# Golf as past time



## Murph (Nov 6, 2006)

Hi all I have posted a few things on here in the past.

Basically I a cyclist and that is my main sport, I train around 5 times a week and in the summer will be racing most weekends and training.* BUT* I really like the game of golf, and due to me being so competitive I hate not being as good at it as I am at cycling. I have spoke to my cycling coach about playing golf and he says you can only be good at one as you will need to focus entirely on one sport (I have chosen cycling)

But he says I can still play golf every so often to chill out and have a bit of fun, so what is the best way to improve when I can only get down the range once a week and possibly two times at a push.


*HELP ! ! ! ! ! ! ! ! ! ! !*


----------



## fitz-uk (Apr 28, 2006)

Golf is not a game that you become good at over night.

The only way to get better is to play more.

If you cant do that, then you might as well relax and get used to how you play and how good you are now.


----------



## srothfuss (Nov 17, 2006)

If you just wan't to enjoy the sport, get a couple of your friends rounded up, and hit the course at least once a month.
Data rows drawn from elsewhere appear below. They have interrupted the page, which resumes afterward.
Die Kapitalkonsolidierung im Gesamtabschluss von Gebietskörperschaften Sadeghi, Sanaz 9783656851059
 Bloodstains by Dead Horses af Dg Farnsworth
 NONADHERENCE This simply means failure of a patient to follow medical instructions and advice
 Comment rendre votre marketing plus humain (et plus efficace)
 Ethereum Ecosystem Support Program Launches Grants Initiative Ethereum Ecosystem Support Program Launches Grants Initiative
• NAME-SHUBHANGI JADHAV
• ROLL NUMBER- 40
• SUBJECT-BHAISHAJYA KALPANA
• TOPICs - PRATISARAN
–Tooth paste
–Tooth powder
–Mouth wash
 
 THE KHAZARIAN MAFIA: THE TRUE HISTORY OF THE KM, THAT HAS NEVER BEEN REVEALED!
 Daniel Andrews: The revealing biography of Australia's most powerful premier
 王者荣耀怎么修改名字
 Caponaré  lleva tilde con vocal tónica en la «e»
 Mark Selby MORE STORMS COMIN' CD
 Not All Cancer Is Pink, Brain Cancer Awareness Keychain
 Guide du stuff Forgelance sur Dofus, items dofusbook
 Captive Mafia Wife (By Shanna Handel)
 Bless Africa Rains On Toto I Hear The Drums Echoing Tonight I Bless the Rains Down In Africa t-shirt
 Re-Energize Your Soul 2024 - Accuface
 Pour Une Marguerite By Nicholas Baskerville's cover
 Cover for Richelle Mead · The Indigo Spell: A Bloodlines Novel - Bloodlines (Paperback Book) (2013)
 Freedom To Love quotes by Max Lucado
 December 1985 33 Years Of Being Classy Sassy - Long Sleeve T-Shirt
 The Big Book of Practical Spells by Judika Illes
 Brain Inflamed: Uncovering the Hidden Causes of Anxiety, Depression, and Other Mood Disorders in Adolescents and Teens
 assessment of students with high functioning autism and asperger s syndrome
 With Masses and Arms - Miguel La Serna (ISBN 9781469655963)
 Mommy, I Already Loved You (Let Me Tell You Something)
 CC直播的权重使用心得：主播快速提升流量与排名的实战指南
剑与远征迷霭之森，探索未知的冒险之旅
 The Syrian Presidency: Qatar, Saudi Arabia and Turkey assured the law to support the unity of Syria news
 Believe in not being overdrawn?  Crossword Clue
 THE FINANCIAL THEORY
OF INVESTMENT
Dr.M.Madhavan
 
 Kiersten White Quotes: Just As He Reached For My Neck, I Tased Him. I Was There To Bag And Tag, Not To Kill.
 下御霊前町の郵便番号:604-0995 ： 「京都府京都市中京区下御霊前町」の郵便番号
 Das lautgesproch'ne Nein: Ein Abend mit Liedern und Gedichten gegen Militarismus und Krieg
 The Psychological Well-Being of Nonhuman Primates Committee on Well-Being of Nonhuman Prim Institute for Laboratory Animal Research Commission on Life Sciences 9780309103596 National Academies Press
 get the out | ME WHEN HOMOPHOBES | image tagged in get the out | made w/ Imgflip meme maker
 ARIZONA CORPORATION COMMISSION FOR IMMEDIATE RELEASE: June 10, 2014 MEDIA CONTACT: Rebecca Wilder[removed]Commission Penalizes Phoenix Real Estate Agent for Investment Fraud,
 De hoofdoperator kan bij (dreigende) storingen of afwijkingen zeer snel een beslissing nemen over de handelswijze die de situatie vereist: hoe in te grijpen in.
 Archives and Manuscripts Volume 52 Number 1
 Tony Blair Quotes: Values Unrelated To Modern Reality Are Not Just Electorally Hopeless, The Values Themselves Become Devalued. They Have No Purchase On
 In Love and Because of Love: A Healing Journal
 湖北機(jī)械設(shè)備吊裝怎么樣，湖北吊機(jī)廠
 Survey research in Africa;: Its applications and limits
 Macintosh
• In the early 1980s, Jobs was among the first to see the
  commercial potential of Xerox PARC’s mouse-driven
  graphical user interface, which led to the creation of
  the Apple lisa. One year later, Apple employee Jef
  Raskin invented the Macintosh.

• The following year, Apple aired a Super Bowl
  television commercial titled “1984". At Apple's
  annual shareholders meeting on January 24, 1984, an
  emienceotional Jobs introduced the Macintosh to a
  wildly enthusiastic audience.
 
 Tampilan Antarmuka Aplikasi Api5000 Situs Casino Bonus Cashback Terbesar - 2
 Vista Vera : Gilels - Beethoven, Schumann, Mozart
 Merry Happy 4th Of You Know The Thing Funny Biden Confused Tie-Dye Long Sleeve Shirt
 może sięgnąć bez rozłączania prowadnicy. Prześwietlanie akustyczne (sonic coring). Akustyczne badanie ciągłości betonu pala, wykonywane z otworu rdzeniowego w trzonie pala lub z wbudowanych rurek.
There's nothing wrong with only playing to relax or get outside and away from home. 

The one thing I'll recommend is a "beginners golf lesson or sesion" with a local golf pro at the driving range. It typically takes about four 1-hour sesions to get basic instruction to help you get started. From there, reading books or watching videos while you train on a stationary bike would be kind of fun too. :dunno:


----------